When Diva again became a little upset about being asked to do little half steps, almost trotting in place, Anne maintained her position and kept asking until the mare relaxed and focused on the work. Anne said part of her job as a rider is to encourage the horse that "Yes, you can do this."
As Anne continued to work Diva, the mare lowered her croup and became more and more uphill. Anne would occasionally give with her inside hand to show that the horse was in self-carriage.
To start the canter work, Anne asked Diva for a counter-canter from the walk. Then she rode another transition to walk and then asked for the regular canter. Then she rode shoulder-fore and half-pass in canter to ask the mare to sit even more. After each, she rode the horse a little forward and when the mare reached for the bit to stretch, Anne gave with her hands.
Throughout the work, Anne stressed that the horse needs to go forward from the leg and be immediately responsive to it. During the canter work, she rose in the saddle to demonstrate that Diva was so forward that Anne didn't need to sit to maintain the impulsion.
Anne explained that she's always trying to be a better horseman through riding, working out herself at the gym to become stronger and working with veterinarians to learn about care issues and nutrition. "Every day I'm so grateful that I have these marvelous horses in my life," she said. "I ask myself, 'What more can I do for my horses?' because they do so much for me."
George on Theory
George followed up Anne's flatwork demonstration, which he called "a priceless hour," with a discussion about the mechanics of how a horse comes round.
He started by drawing of stick figure of a horse on an easel. The horse's head was in the air and his back was hollow. "Muscularly that is not very good for the horse, and if he's muscularly hurt, mentally he'll hurt. Our goal is to get him the opposite of this."
You do this by working on three points of resistance in the horse where he can brace, George said. These include the haunches, the shoulder and the lower jaw and poll area.
You work on these points of resistance by taking or making contact in three areas. One is in the seat. George sits to the front of the saddle, which is near the strong area of the horse, as opposed to the area near the middle of the horse, which is the loin region. When he first sits on a horse, George does so cautiously because the horse's back is fragile. He stays off the back, leans forward and then sinks onto his seat bones.
Then he takes contact with the horse's mouth and his ribs by putting his legs on him. "I can't talk to the horse without initial contact," he said.
The horse may resist that contact by moving backward, but George uses his legs on the horse's sides to encourage the horse forward. Eventually the horse relaxes to the bridle and then George relaxes the reins. He said that he and Anne differ a little in their approach a little, but that it is OK to be different because the foundation of the work is the same.

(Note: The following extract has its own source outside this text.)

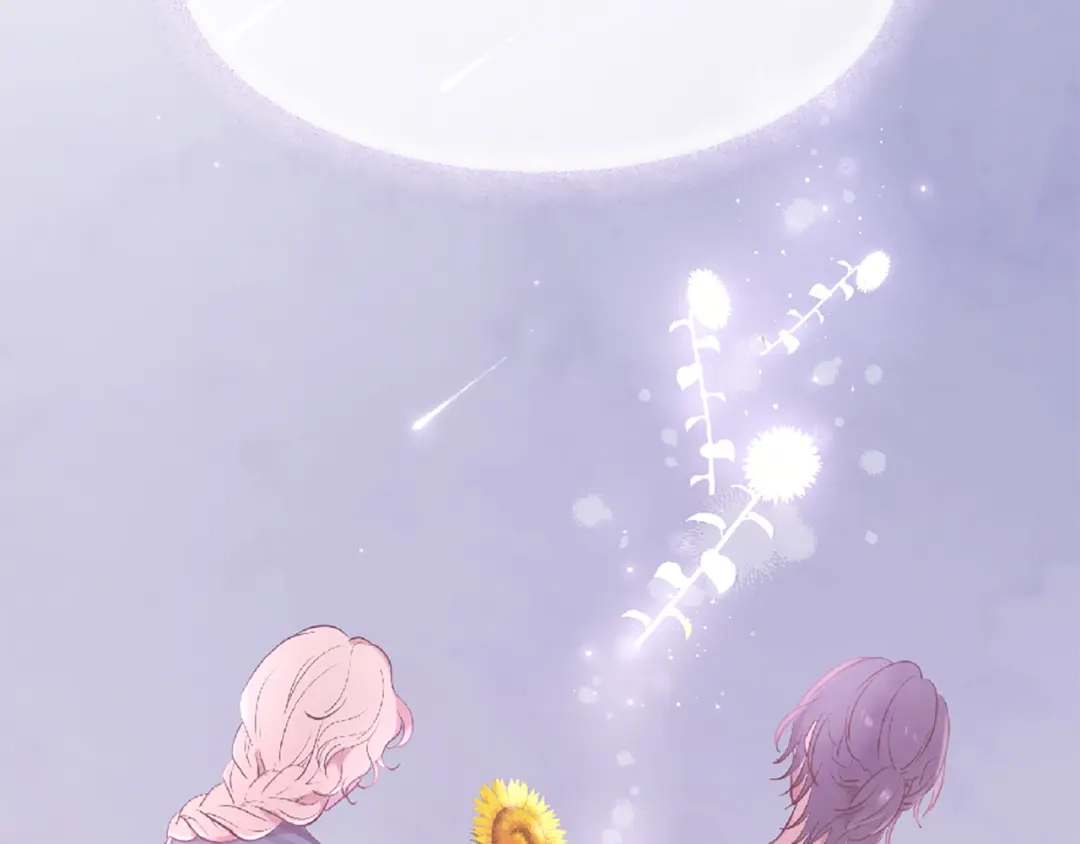 第264页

He said both he and Anne "obsess with the horse accepting our leg because that leads the horse to be submissive 'happy' submissive."

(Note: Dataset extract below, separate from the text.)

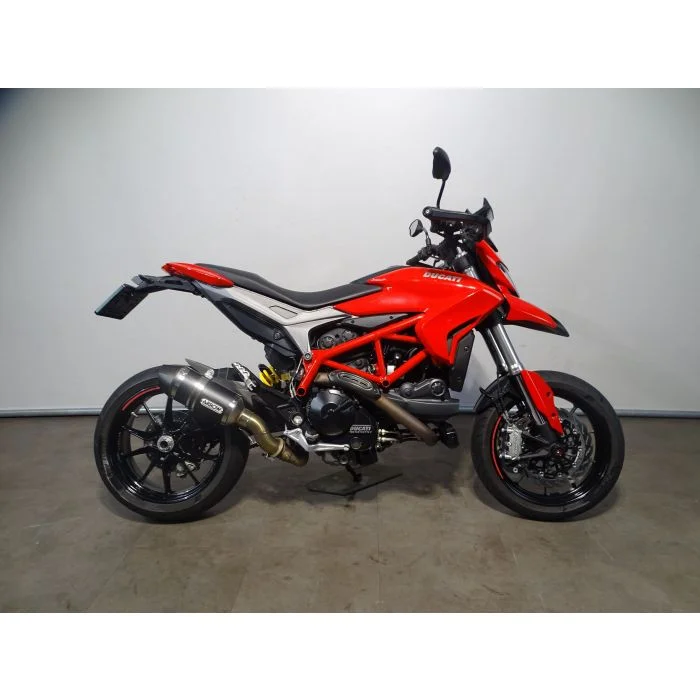 goedhartmotoren12-1496321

George pointed out that while in his first stick figure, the horse's legs were out behind, as you work the horse, his hind legs come under, his croup drops and the weak hollow bridge of the loin lifts and the horse's rib cage expands to take up the rider's leg. The wither becomes higher and lighter and the base of the neck raises. All of this leads to the horse dropping his head and becoming round.
George also pointed out that all horses have a stiff side, and that "our goal is to make both sides the same as possible. Crooked horses can't be collected." You do this by working on circular tracks and figure eights, especially in lateral work.
This work also improves and produces "calm, forward and straight," George said. Calm comes from the rider, who can ride without any anger or emotion. Only when a rider is calm can the horse be forward and straight.